You generally should buy at least 1-2 Electrovores in games where you wanted an Animus already. Although you will have to keep buying Engineers to keep them firing, this is okay because in most games you want to be buying some Engineers anyway for defensive granularity, so the first 1-2 Electrovores don't really have that extra cost.
Electrovore can enable powerful rushes if there are no strong defenders in the random set. Here are example builds for both players. For Player 1:
- TD + Electrovore
For Player 2:
- TD + Electrovore
Both of those build force your opponent to buy a blocker one turn earlier than they would if you had gone for Tarsiers.

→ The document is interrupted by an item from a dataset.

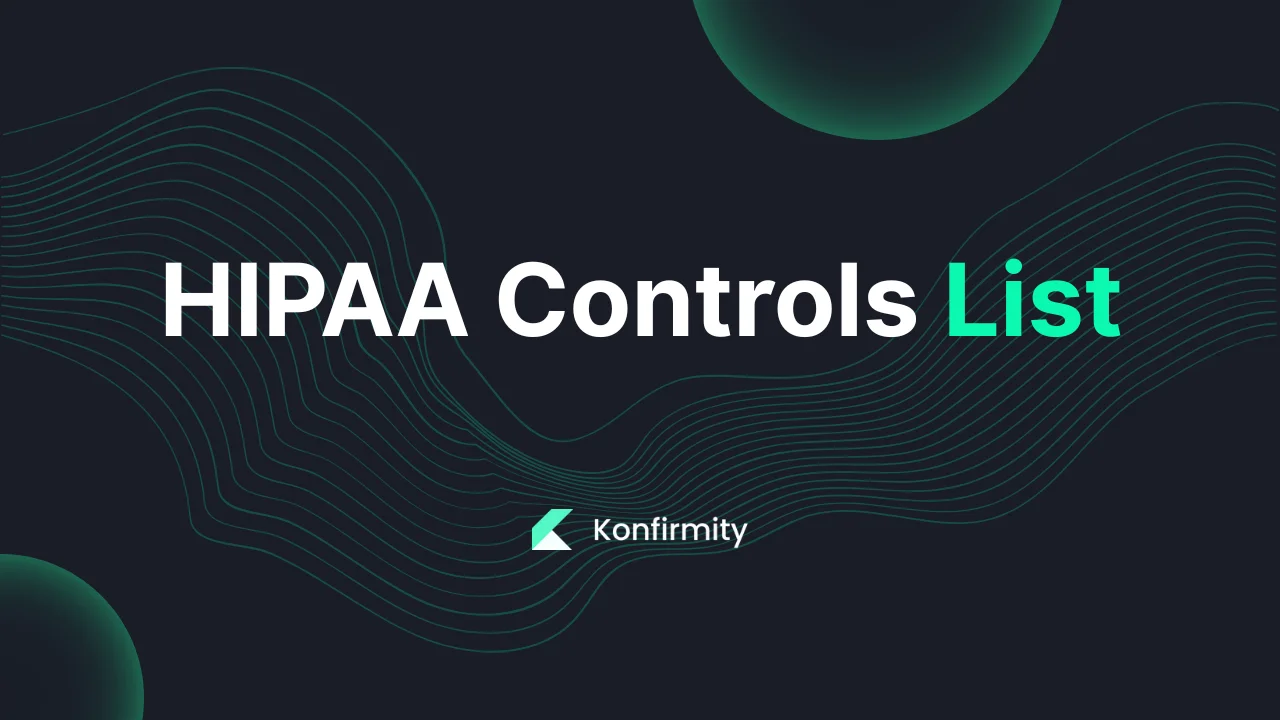 HIPAA Controls List: Your Step-by-Step Guide (2026)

Player 2 Rush[edit | edit source]
The player 2 Electrovore rush is very powerful, and may not be beatable with just the base set. The basic premise is that you are using all resources very efficiently (including the Energy produced by the first 2 Engineers), and using Rhinos will full efficiency. Damage ramps very quickly until the opponent counterattacks.
Counters[edit | edit source]
To counter the rush, player 1 must find a way to get 7 sustained attack. If this doesn't seem viable with your random set, player 1 could try a turn 2 Electrovore rush. However, this rush is weaker than the player 2 rush, and cannot beat a properly played Blastforge into Conduit counterplay unless there are some other red rush support units (Immolite could help player 1 for example).

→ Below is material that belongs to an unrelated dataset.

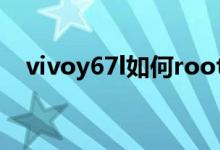 vivoy67l如何root（vivoy67root教程）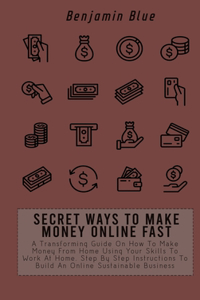 Secret Ways to Make Money Online Fast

Note that the Animus counter (mirror) is slightly behind in tempo, and loses for player 1 (with proper play from both sides). The Blastforge counter is slow, and allows the player 2 to ramp attack considerably. It's only viable if it allows player 1 get a cheap pressure unit (like Tesla Coil or Plasmafier) or a cheap unit with big absorb (like Doomed Wall or Energy Matrix). With only the base set, player 1 needs to spend all resources on defense before he can get 7 attack.
Main Lines[edit | edit source]
The main Blastforge line is:
- DD, DD
- DD, DA
- DDB, D1T
- W + Anything, D1T
And the Animus line is:
- DD, DD
- DD, DA,
- DDA, D11
Until your opponent puts out his first attack, buy only Electrovores, Tarsiers, and Engineers. Of course, buy Electrovores when you'll have the Engineers to power them next turn, and Tarsiers when you won't. Spend all of your gold each turn, as is possible.
After your opponent has attack, build 1 Rhino per turn. Calculate your opponent's max damage, and determine how many Engineers you'll have left. Buy enough so you can fire all Electrovores next turn. Spend the rest of your money on Electrovores, Tarsiers, and Engineers, as applicable. Ramp attack as much as possible.
If your opponent bursts attack, and you don't have enough defense, it's better to hold back an Electrovore than to hold back a Rhino. You can think of the Electrovore as a cheaper Rhino which has paid itself off. Of course, use this tactic situationally. Note that it's almost always wrong to build 2 Rhinos in 1 turn.
Examples[edit | edit source]
Here's an example game, using Blastforge defense, with the base set + Electrovore: http://play.prismata.net/?r=ZzIkw-mkKzJ . Note that player 1 gets to 6 attack, but can never get the 7th point of attack. If such a line were found, that would refute the player 2 electrovore rush.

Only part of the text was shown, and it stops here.